Sports Illustrated’s Tom Donovan says Terry Francona needs to stop fiddling and start winning.
Donovan acknowledges that the Red Sox appear to be perfectly happy to let the division slip in favor of being more strongly positioned for the playoffs (health, rotation alignment, etc.):
Bye-bye, division title? Right now, it’s sure looking that way. What’s worse is that it’s clear that the division crown doesn’t seem to matter to the Red Sox. Winning the AL East — which the Sox haven’t done since 1995, by the way — is nothing but icing for Francona and the Sox. They’ll take it. But the cake, they insist, is the important thing.
"Ultimately," Francona said in an interview with NESN before Wednesday night’s loss in Toronto, practically dismissing the notion of winning the East, "what we’d like to do is go farther than that. We want to win a World Series."

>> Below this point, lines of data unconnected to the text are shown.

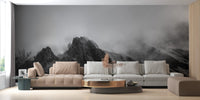 Living space featuring misty mountain peaks wall mural and a tan leather sofa.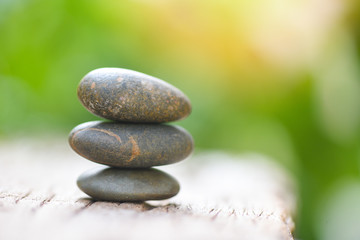 Obraz na płótnie Canvas Natural wellness concept - Relax zen stones stack on wooden nature green background Spa Natural Alternative Therapy With Massage Stones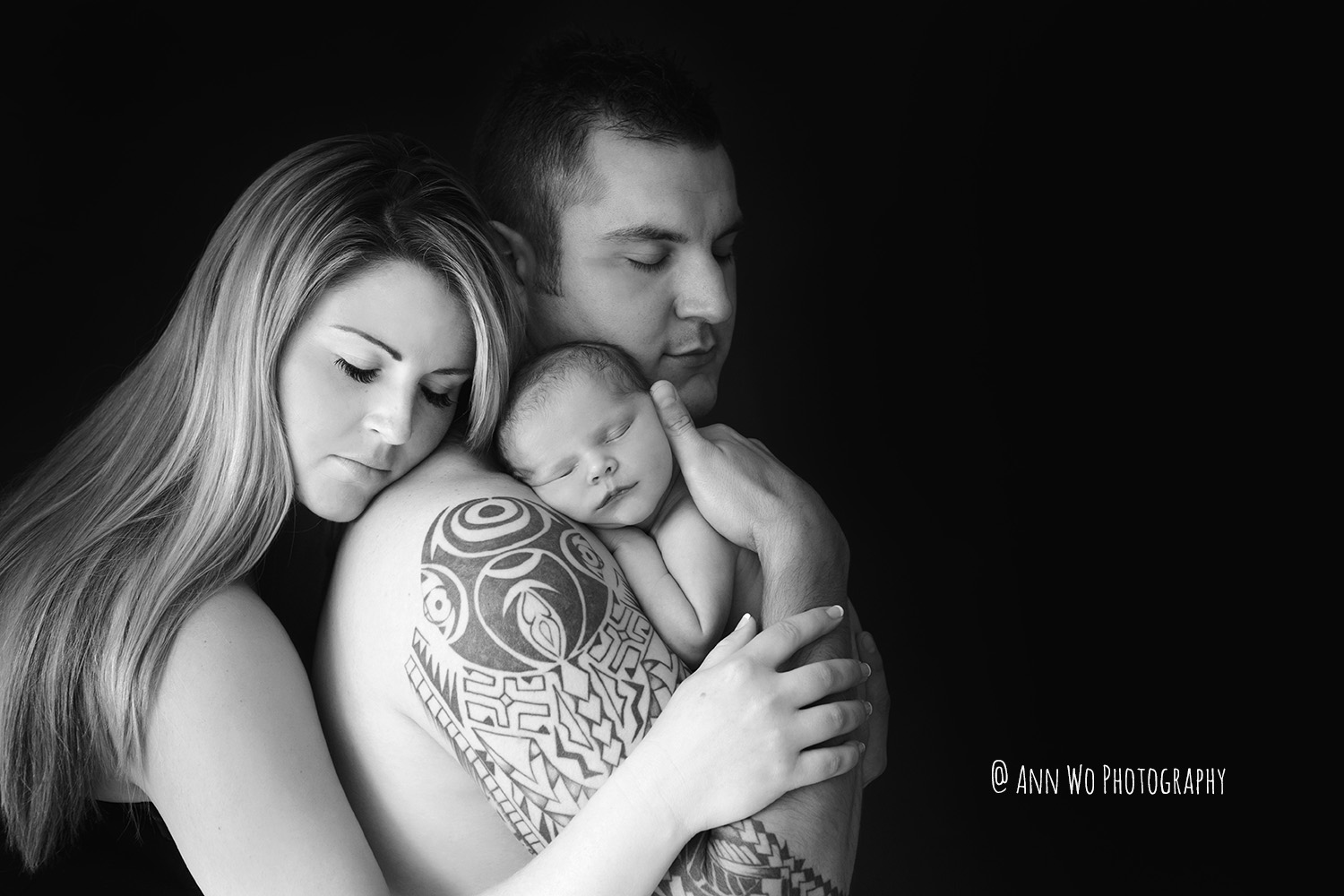 newborn baby skin-to-skin with mum and dad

He also acknowledges that a. The Red Sox have won the World Series as a wild card team, and b. That teams that looked terrible through Sept. 30 have made it to and won the World Series:
I’m not a big believer in momentum. It’s a hugely overrated concept in baseball. The Cardinals proved that last season as they limped to the finish line before winning it all. But losing going into the postseason, while fighting to the end, is one thing. Backing into the postseason while giving away games is something else entirely.
But, he insists, Francona needs to get his team into gear and win now. Why?
More than that, though, what kind of competitor would settle for second place? What message does that send to the Red Sox players and their fans? What kind of message does it send to the Yankees, or the Angels, or the Indians? By essentially conceding wins now, you put doubt into your own team — it’s there, you can tell — and embolden the competition.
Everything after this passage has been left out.